Del mismo modo, el expresidente también sostuvo que los posibles delitos que se le atribuirían a dirigentes del correísmo habrían prescrito y negó la existencia de pruebas. “El problema para ellos es que los ‘delitos’ habrían prescrito y no tendrían prueba alguna, porque nunca existieron”, expresó Correa, que también
Correa añadió que sus adversarios buscarían promover sanciones financieras contra integrantes de su sector político.
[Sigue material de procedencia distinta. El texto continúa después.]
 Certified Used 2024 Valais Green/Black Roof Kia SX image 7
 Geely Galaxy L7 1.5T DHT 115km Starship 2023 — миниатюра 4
“Con una medida así prácticamente te anulan como persona económica, sin poder tener cuentas bancarias, tarjetas de crédito, etc.”, dijo, en referencia a una eventual inclusión en la lista de sanciones de la Oficina de Control de Activos Extranjeros (Ofac, por sus siglas en inglés) de Estados Unidos.

La condena contra Rafael Correa en el caso Sobornos
La justicia ecuatoriana condenó al expresidente Correa en 2020 a ocho años de prisión y 25 años de inhabilitación política por cohecho en el caso Sobornos (2012-2016). La sentencia estableció que existió una estructura de recepción de aportes irregulares para financiar al entonces oficialista movimiento Alianza País, a cambio de contratos estatales; de la cual el principal responsable era el exmandatario ecuatoriano.
Correa, que gobernó Ecuador entre 2007 y 2017, reside en Bélgica y sostiene que el proceso judicial responde a una persecución política. Pese a ello, la Corte Nacional de Justicia de Ecuador inició el trámite de extradición para que cumpla la condena; aunque su presencia en México se da porque no existe ningún tipo de impedimento para su movilización y porque no hay alguna orden para ejecutar una eventual captura.
Mientras tanto, la agenda de Petro en México incluye una reunión con directivos del Fondo de Cultura Económica (FCE), con los que acordó la edición en español de su libro Economía política de la crisis climática. Además, ofrecerá el miércoles 2 de septiembre una conferencia magistral en la Universidad Nacional Autónoma de México (Unam) ese mismo tema; antes de que deba retornar al territorio nacional.